PDD came into being to show parents how not to hold their noses, not because we believe in entitlement. Over the last 30 years I’ve been privileged to meet students who are bright, articulate, energetic, idealistic and creative. We want our children to be able to recognize and gravitate to companies that will invest in them because it makes sense for them and for the country.
In a national advertising campaign many years ago, Japan’s Matsushita, now Panasonic, acknowledged the people in communities where the company was a major employer by pledging to invest in those communities as their way of thanking them and assigning tangible value to devotion and hard work. There are such companies in Canada and we don’t need rose-coloured glasses to see them. This applies as much to young people preparing to enter the work force as it does to people already in the work force.
Wherever possible, and it is possible, PDD encourages and teaches its clients how to position themselves to identify and gravitate toward companies and organizations that invest in their people. There may be a mismatch between the skills our economy needs and the skills that are available to it locally, but how much of that shortage can be attributed to employers who chose not to invest in on-the-job training? It’s funny how much affinity employees can develop for companies that believe in them…

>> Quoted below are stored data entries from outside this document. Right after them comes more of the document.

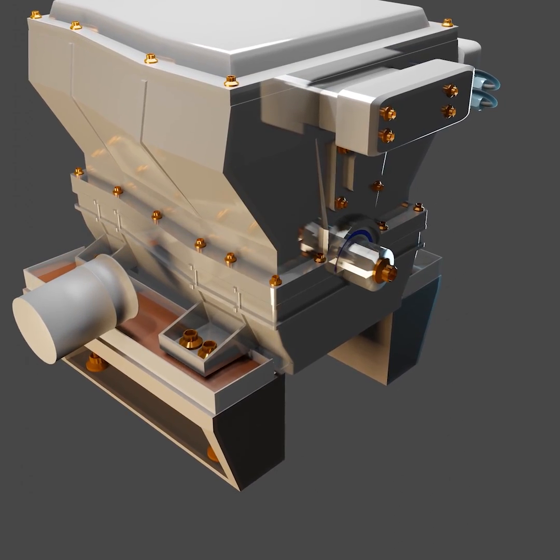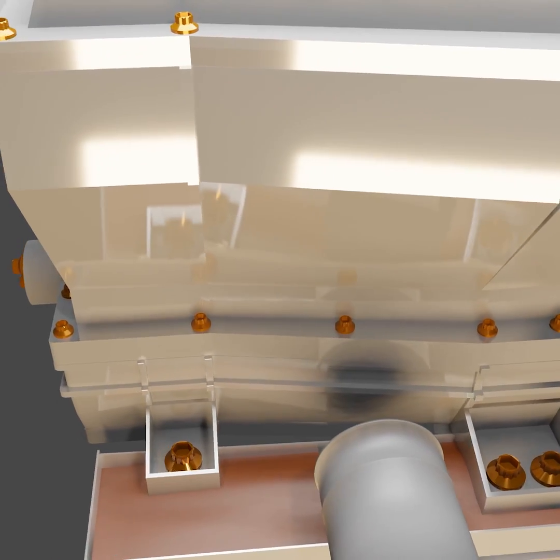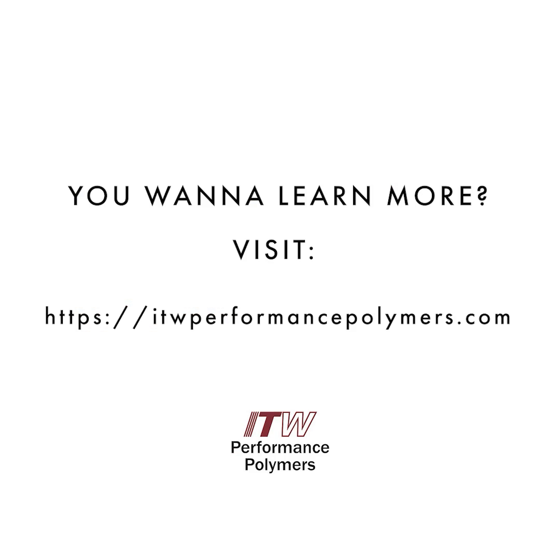EpiCast 36 was developed as a full replacement for steel chocks. This saves costs and work steps. EpiCast 36 is also vibration-reducing and durable.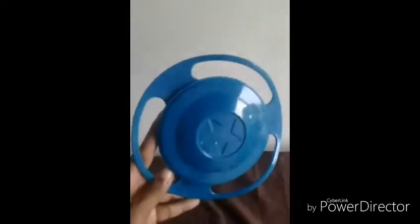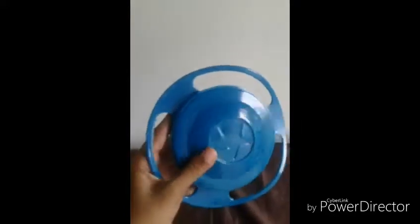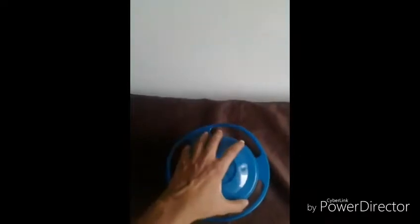Alright guys, I have this new product. It's a spill proof bowl. As you can see, it has easy to grip handles for those toddlers and babies who are now learning to hold things. It also comes with a cover for easy storage, and parents could send this with fruit or any little snacks to daycare or preschool as the case may be.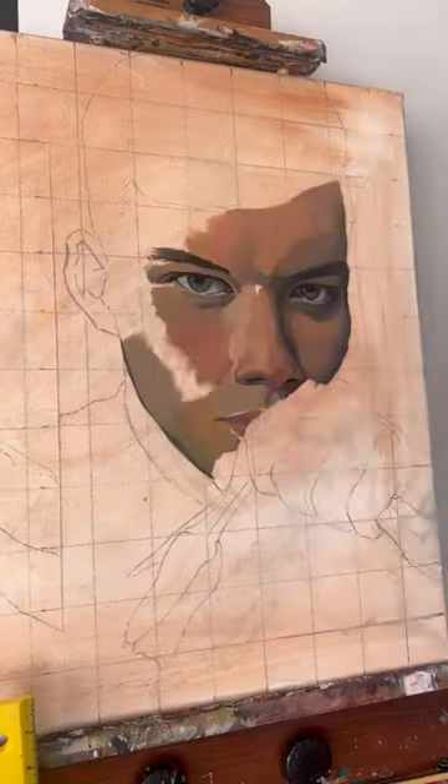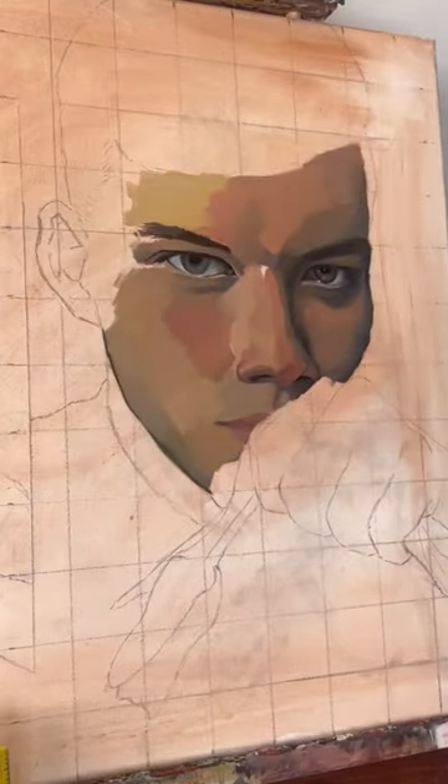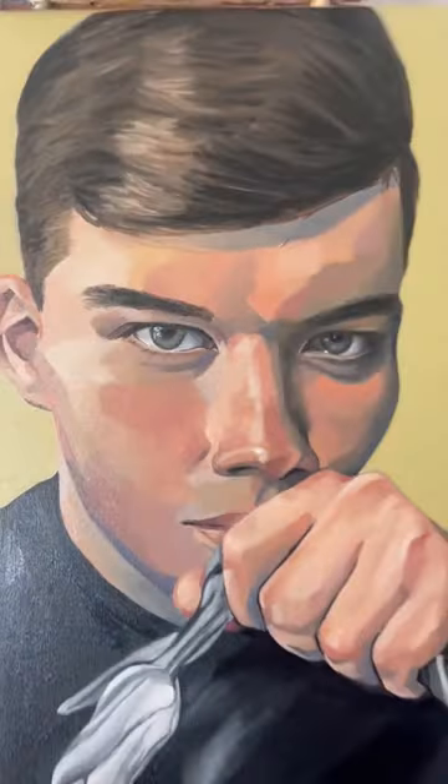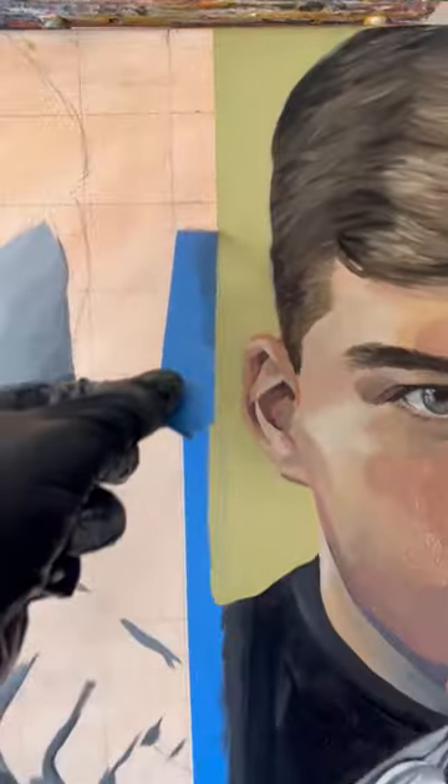I had this idea to paint the same image twice and to just change the focal points of the colors, to see how it changes the emotion of the painting. So in one, I painted the person in color and the flower in black and white, and in the other the person in black and white and the flower in color.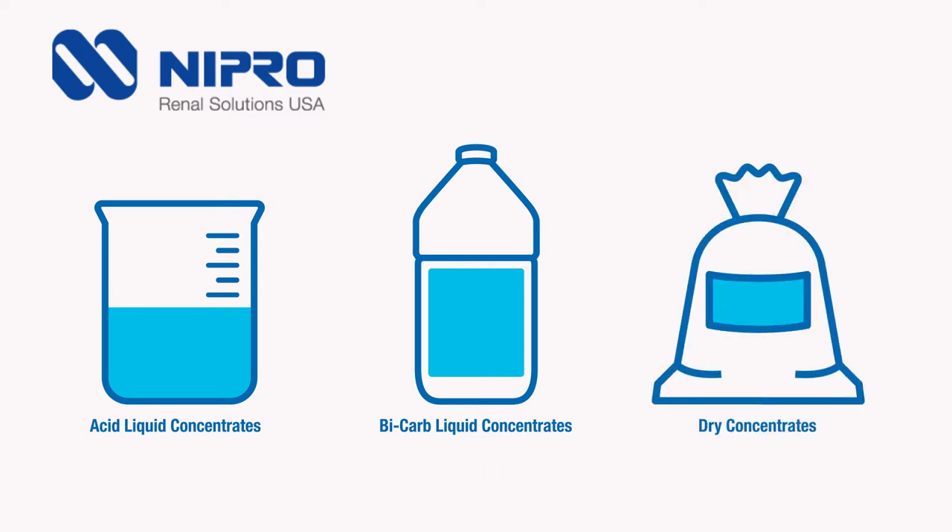Additionally, we also manufacture acid and sodium bicarbonate dry concentrates. Quality control is an essential part of every aspect of the process here at Neepro Renal Solutions.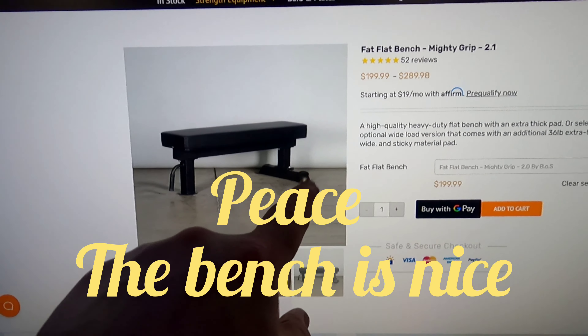We're going to do a spill test with this and test out the super grippy material that they say is on this bench, which most benches have once you get past the basic benches. The material is grippy, but my FID from Titan is actually more grippy than this — this one slides more. But I'm sure if you've got a little sweat on you, it'll probably grip really good.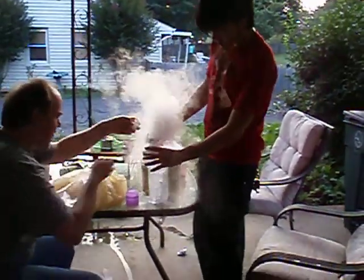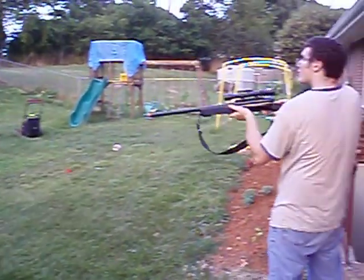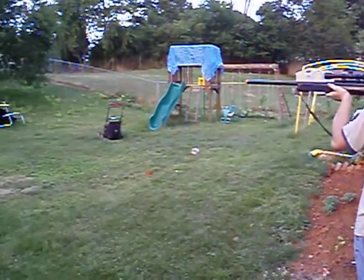I can't zoom in with this. Let's get closer. Guys, you're going to want to take cover behind something because it always flies in a direction. Aim it somewhere else.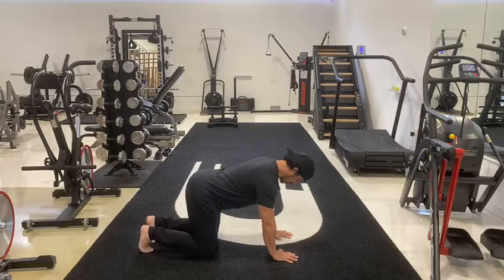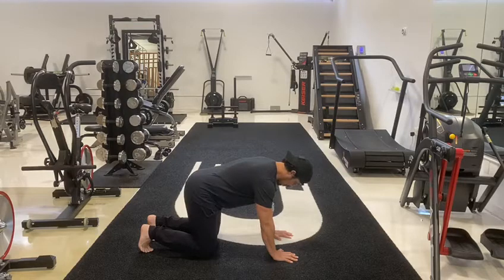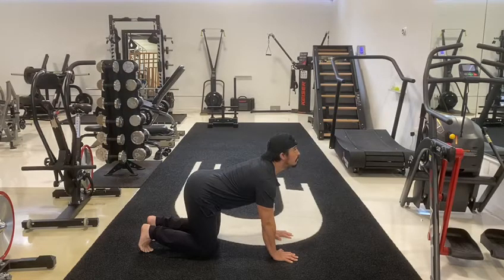Begin by moving into cow pose. Inhale as you drop your belly towards the mat. Lift your chin and chest and gaze upwards towards the ceiling. Broaden across your shoulder blades and draw your shoulders down and away from your ears.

Canada’s story isn’t confined to Canada. This is how the World Economic Forum assessed Canada’s ranking on page 24 of the Global Competitiveness Report 2012–2013 :
Canada falls two positions to 14th place in this year’s rankings. Although Canada continues to benefit from highly efficient markets (with its goods, labour, and financial markets ranked 13th, 4th, and 11th, respectively), well-functioning and transparent institutions (11th), and excellent infrastructure (13th), it is being dragged down by a less favourable assessment of the quality of its research institutions and the government’s role in promoting innovation through procurement practices. In a similar fashion, although Canada has been successful in nurturing its human resources compared with other advanced economies (it is ranked 7th for health and primary education and 15th for higher education and training), the data suggest a slight downward trend of its performance in higher education (ranking 8th place on higher education and training two years ago), driven by lower university enrollment rates and a decline in the extent to which staff is being trained at the workplace.
Our children deserve to have their eyes opened to employers who are playing the smugness card to the hilt because they can—for now. Employers who cash in on the “oversupply” of non-specialized degrees by offering unpaid internship, limited contract work, 6-interview callbacks and no hire, and above all, student stress. They justify their largesse in offering yes-there-really-is-free-lunch employment by saying that knowledge gained can be parlayed into permanent employment somewhere. You don’t win friends and influence people by taking advantage of them. You poison your relationship with them and with the people they know. It appears that someone didn’t get the memo about how employees become customers…
When the pendulum starts swinging the other way, employers are going to discover that the prospect of working for them was not as irresistible as magnets are to iron filings or flame to a moth as they thought. When the rubber meets the road, all a company really has to sell is its reputation. Products and services embody that reputation. Apple’s appeal isn’t only in what it designs and sells: it’s also in how it makes the people feel who own those products. Superior service is a function of people who care about and respect other people.
There’s a practical lesson to be learned from this. The law of demand and supply has kicked in with a vengeance, particularly where non-STEM undergraduate and postgraduate degrees are concerned. In the opinion of some employers, the street value of non-STEM education has dropped to zero.
C-Suite denizens might benefit from a refresher course in the meaning behind “knowing the price of everything and the value of nothing”. What’s our future worth? What’s the future of our children worth? In the aftermath of RBC and others, what conceivable reason could anyone’s child have for wanting to join a large corporation, even one that’s deemed to be “too big to fail”? How many immigrants are going to line up to become citizens of a country that invited them in to earn less money than their Canadian colleagues and then showed them the door when the job was done?
PDD believes that companies that might be too big to fail aren’t too big to be embarrassed. Or avoided as prospective employers.